Catalogne. Le référendum et les turbulences au sein de la gauche

Xavier Domènech et Ada Colau, lors de la présentation En Comú Podem en novembre 2015

Par Martí Caussa

Hier [8 juillet], la Coordination nationale de Catalunya en Comú [1] s’est réunie pour déterminer sa position en vue du référendum du 1er octobre [sur l’indépendance de la Catalogne]. Le document qui a été approuvé a reçu une ample majorité, 75%. La réunion n’a toutefois pas été paisible. Ce qui correspond à la situation que connaît, de son côté, Podem Catalunya [Le Podemos catalan]

Lors de la réunion de Catalunya en Comú, trois documents ont été présentés. Celui qui défendait la non-participation, en aucun cas, a été retiré du vote bien que cette position, lors des débats antérieurs, disposait d’un poids important. Son septième point affirmait: «Catalunya en Comú défend les droits des personnes qui estiment être appelées à participer au [vote du] 1er [octobre], ne tolérant aucune mesure de contrainte que prendrait le gouvernement du PP (Parti populaire) pour l’empêcher. Avec la même cohérence, elle ne peut appeler à la participation ni participer à une consultation qui prétend être un référendum alors qu’il ne remplit aucune des conditions correspondant à ce que devrait être le référendum démocratique et effectif dont nous avons besoin.»

Le texte qui a été présenté par la Commission exécutive a obtenu 85 voix favorables (75%) alors que celui qui a été soumis par ceux qui appuient explicitement le référendum en a reçu 29 (25%). Les deux textes peuvent être consultés, en catalan, ici.

Quel est le noyau qui les différencie? Faut-il participer au référendum le 1er octobre ou non?

Le point 5 du texte approuvé par la Coordination affirme: «Ainsi donc, suite aux informations que nous avons reçues, nous constatons que ce référendum n’est pas celui que la Catalogne mérite et a besoin pour apporter une solution définitive à son avenir politique. Nous considérons cependant logique que de nombreux secteurs de la population catalane souhaitent participer le 1er octobre face à l’immobilisme du Parti populaire. Pour cette raison, Catalunya en Comú appuie les mobilisations qui feront progresser le droit à décider, toujours sur la base du respect de la pluralité des actions en ce qui concerne la participation; dans la mesure où nous constituons un espace pluriel, ainsi que l’est également le pays.»

Comment peut-on interpréter ce point 5? De manières contradictoires, à mon avis.

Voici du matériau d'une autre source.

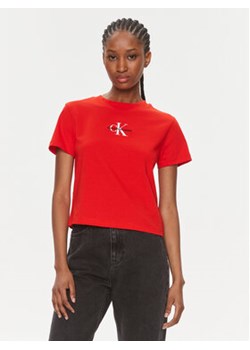 Calvin Klein Jeans T-Shirt Monologo Baby Tee J20J223113 Czerwony Slim Fit ze sklepu MODIVO w kategorii Bluzki damskie - zdjęcie 168510174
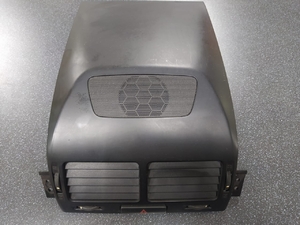 Центральная Консоль Suzuki Escudo TDA4W OEM 7382165J1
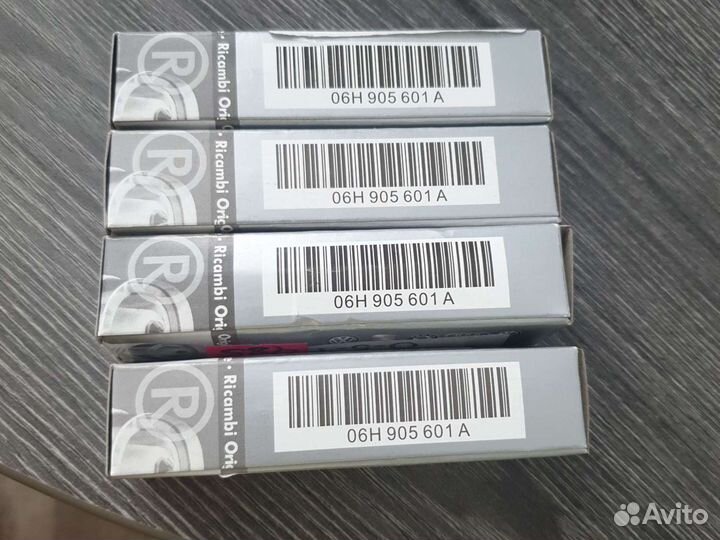 Свечи зажигания артикул 06H905601A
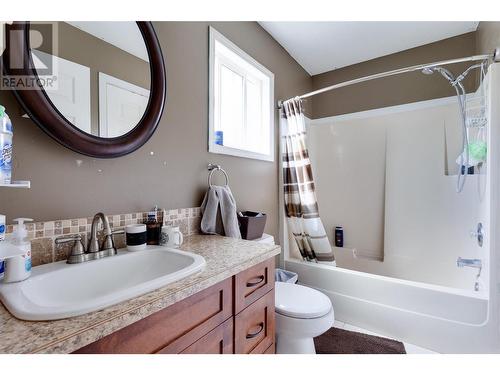 11345 Woodsdale Court, Lake Country, BC - Indoor Photo Showing Bathroom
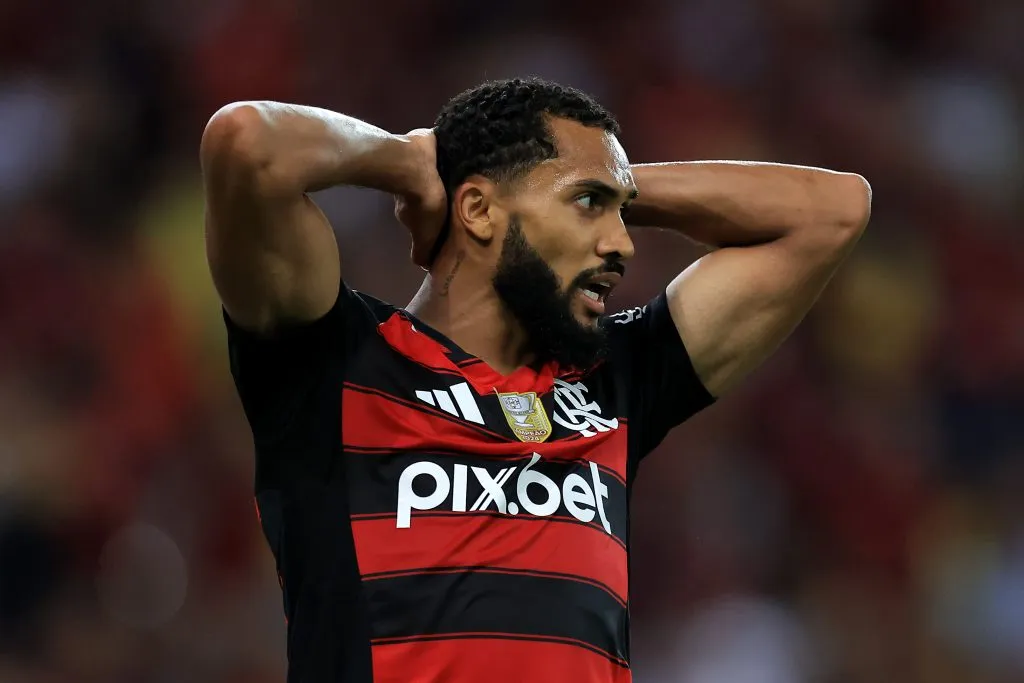 Juninho não está com prestígio com Filipe Luís e pode sair rumo à Arábia Saudita – Buda Mendes/Getty Images
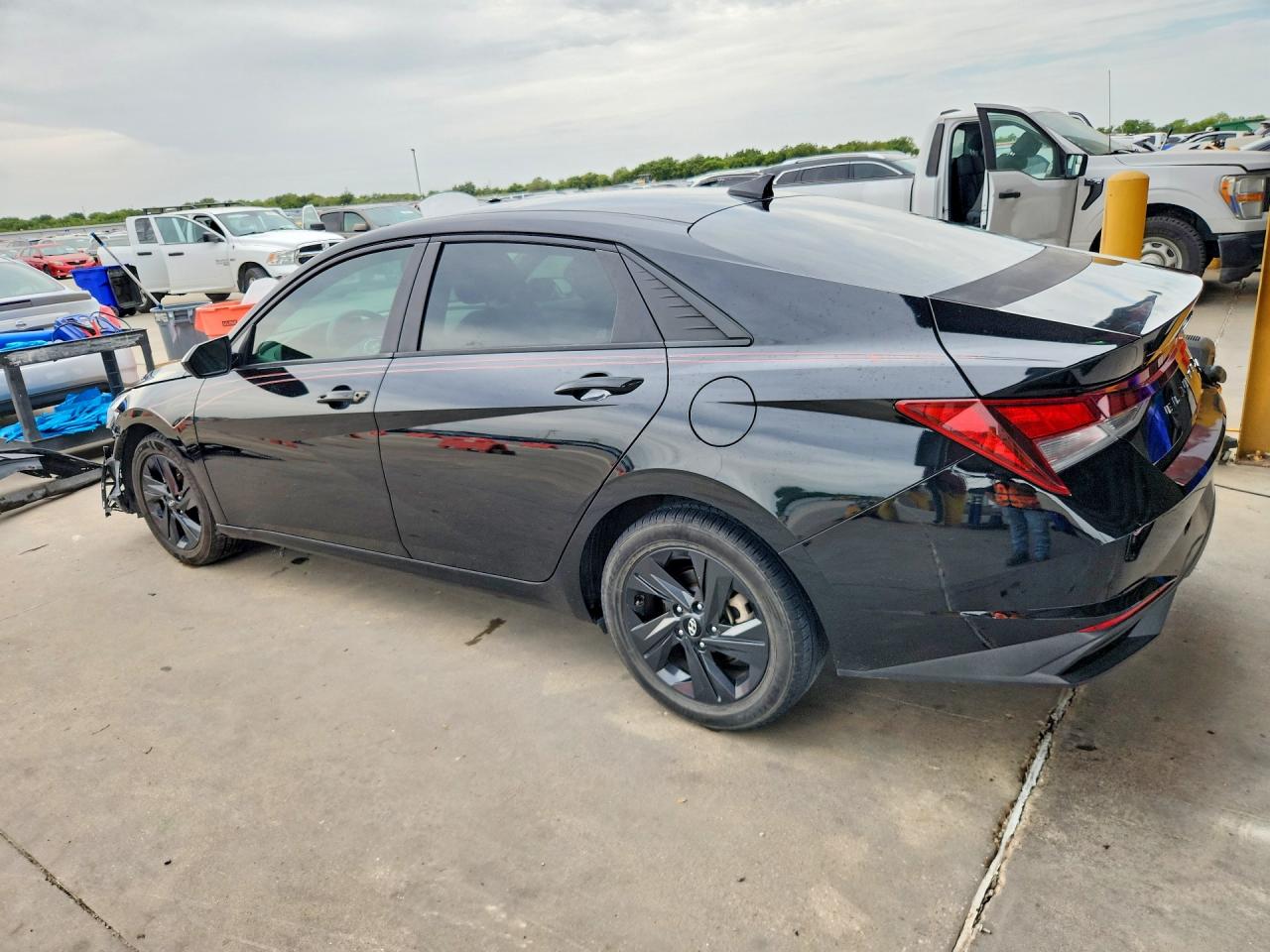 2022 HYUNDAI ELANTRA SEL — снимка 2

Si un secteur appelle à ne pas participer le 1er octobre, mais qu’il organise le même jour, ou avant, une manifestation afin de défendre le droit à décider, il ne pourra être accusé de s’opposer au texte de la Coordination. Il en ira de même si un autre secteur appelle à mener une campagne en faveur du référendum et à participer le 1er octobre. En définitive, la résolution adoptée autorise des actions allant en directions contraires.

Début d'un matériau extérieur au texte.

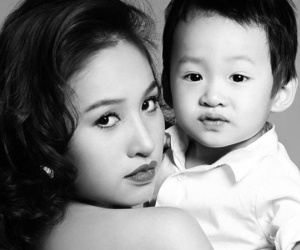 Lỡ viết hai chữ 'bố mẹ' rồi lại gạch đi vì nhận ra một điều - nhật ký của con trai Vân Hugo khiến nhiều người cảm động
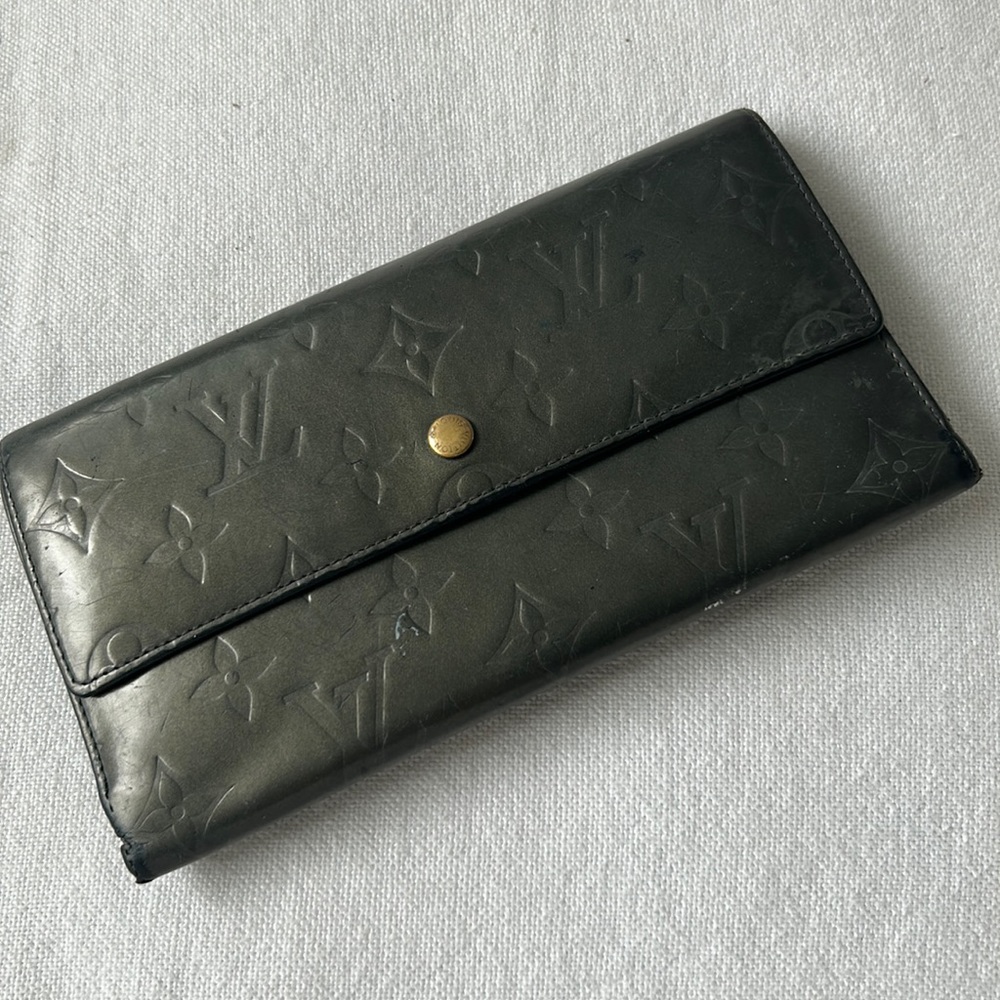 Louis Vuitton Gris Art Deco Monogram Vernis Sarah Wallet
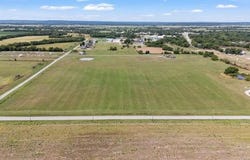 2 N 435 Road, Adair, OK 74330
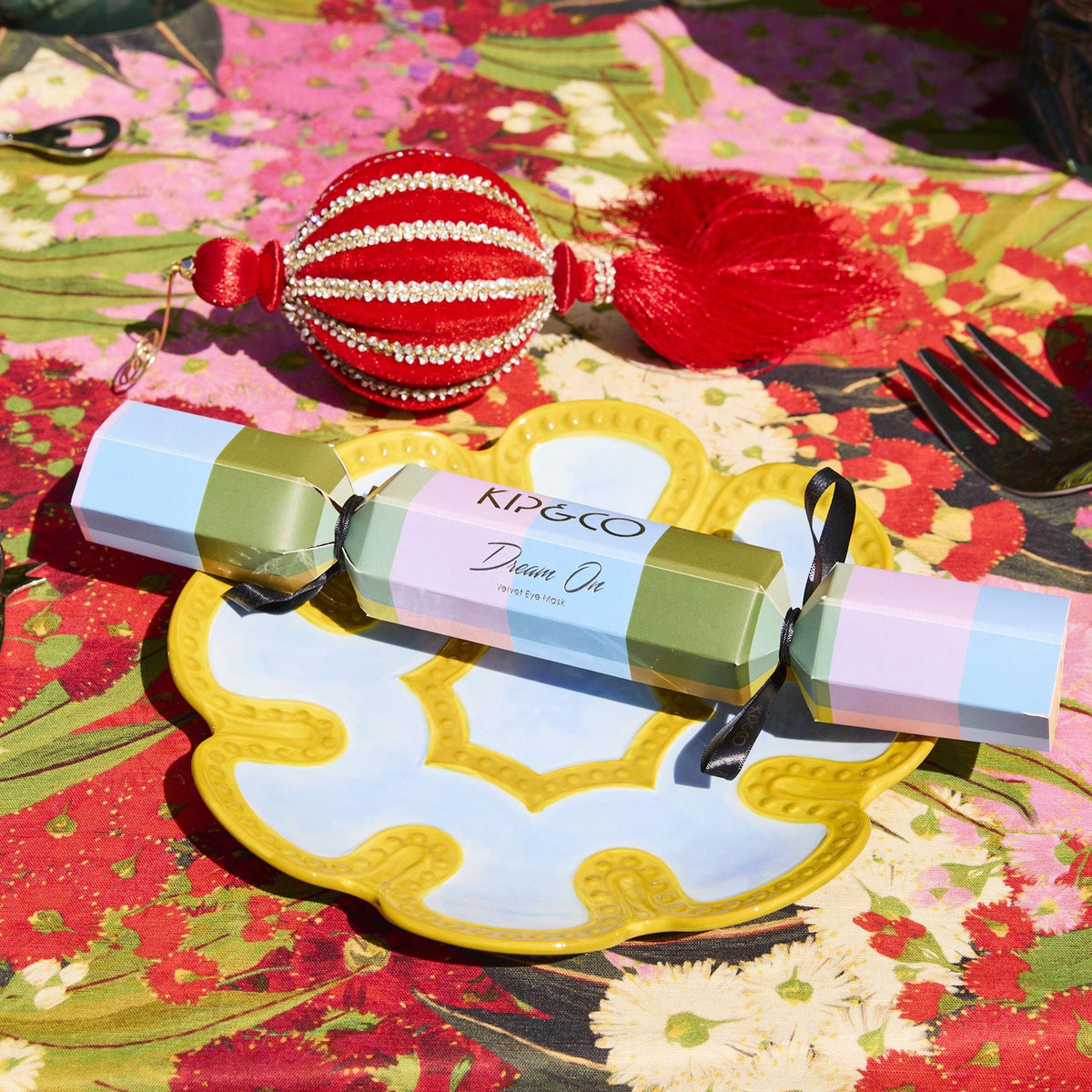 Kip & Co Velvet Bon Bon Eye Mask Set - Christmas Slumber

Le document qui a été retiré du vote était clair: ne pas participer le 1er octobre. Celui de la minorité l’est tout autant, bien qu’il propose exactement l’inverse. Le point 4 de ce texte indique que: «nous avons œuvré, et continuerons à le faire, en faveur du référendum, l’un de nos principaux paris, afin de gagner des soutiens internationaux et pour élargir les alliances dans le reste de l’Etat. La participation le 1er octobre sera décisive pour poursuivre cette tâche; pour cette raison, Catalunya en Comú doit le soutenir: en y participant, en désobéissant à la répression de l’Etat et en appelant les citoyens à aller voter. La meilleure façon pour que la droite catalane hégémonise le référendum et consolide Junts pel Sí [coalition constituée de la droite «indépendantiste», dont la figure de premier plan est Artur Mas, l’ancien président de la Generalitat, de la Gauche républicaine catalane ainsi que des grandes associations indépendantistes telles que l’ANC et Ominium] est que Catalunya en Comú se retire et ne participe pas.»

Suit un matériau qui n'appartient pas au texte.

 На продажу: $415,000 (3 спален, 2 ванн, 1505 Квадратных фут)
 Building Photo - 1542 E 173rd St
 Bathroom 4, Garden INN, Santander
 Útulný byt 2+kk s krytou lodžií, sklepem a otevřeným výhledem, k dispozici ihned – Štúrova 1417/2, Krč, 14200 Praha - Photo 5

On peut observer, entre les deux textes votés par la Coordination, de nombreuses positions intermédiaires, aucune n’est toutefois claire. Par exemple, deux jours plus tôt, Gerardo Pisarello, premier adjoint de la maire au sein de la municipalité de Barcelone [également constitutionnaliste], avait déclaré: «si, le 1er octobre, il y aura des urnes, je voterai.» Très bien, mais: que ferez-vous pour qu’elles soient installées? La municipalité de Barcelone cédera-t-elle l’usage de locaux pour le vote référendaire?

La question décisive est la suivante: faut-il, oui ou non, appeler à participer au vote du 1er octobre? Les raisonnements qui accompagnent la réponse sont relativement secondaires. Pour cela, les raisonnements de Podem Catalunya peuvent bien déplaire, il faut cependant reconnaître que la formation donne une réponse claire: «malgré les désaccords sur les formes, le contenu, les contradictions et l’absence de garanties juridiques et de reconnaissance internationale, Podem lance un appel à l’esprit du 15M [Mouvement des Indignés du 15 mai 2011] pour encourager la participation et le vote le 1er octobre, à titre d’élément de protestation citoyenne contre l’immobilisme et l’autoritarisme du gouvernement du Parti populaire. La Catalogne a toujours été pionnière de tous les changements positifs de l’Etat, cela sera également le cas cette fois-ci.»

Albano Dante Fachin [secrétaire général de Podem-Catalogne] a déclaré qu’il voterait non le 1er octobre, mais ce qui est important, c’est que lui et son parti appellent à voter. C’est le point décisif et ce qui permet d’atteindre une unité ample face aux tentatives du Parti populaire d’empêcher le référendum. C’est bien ce qu’ont compris les 18 entités (y compris Barcelona en Comú et Podem) du district de Sants Montjuïc de Barcelone qui ont lancé une campagne unitaire pour promouvoir: «1° la participation au vote du référendum du 1er octobre, indépendamment de l’option qui sera inscrite sur le bulletin, en tant qu’engagement envers la démocratie et le droit à décider; 2° la mobilisation ferme et pacifique contre la répression qu’a menée et continue de le faire l’Etat contre les institutions, les responsables élus et les personnes qui promeuvent, organisent et soutiennent le référendum du 1er octobre.»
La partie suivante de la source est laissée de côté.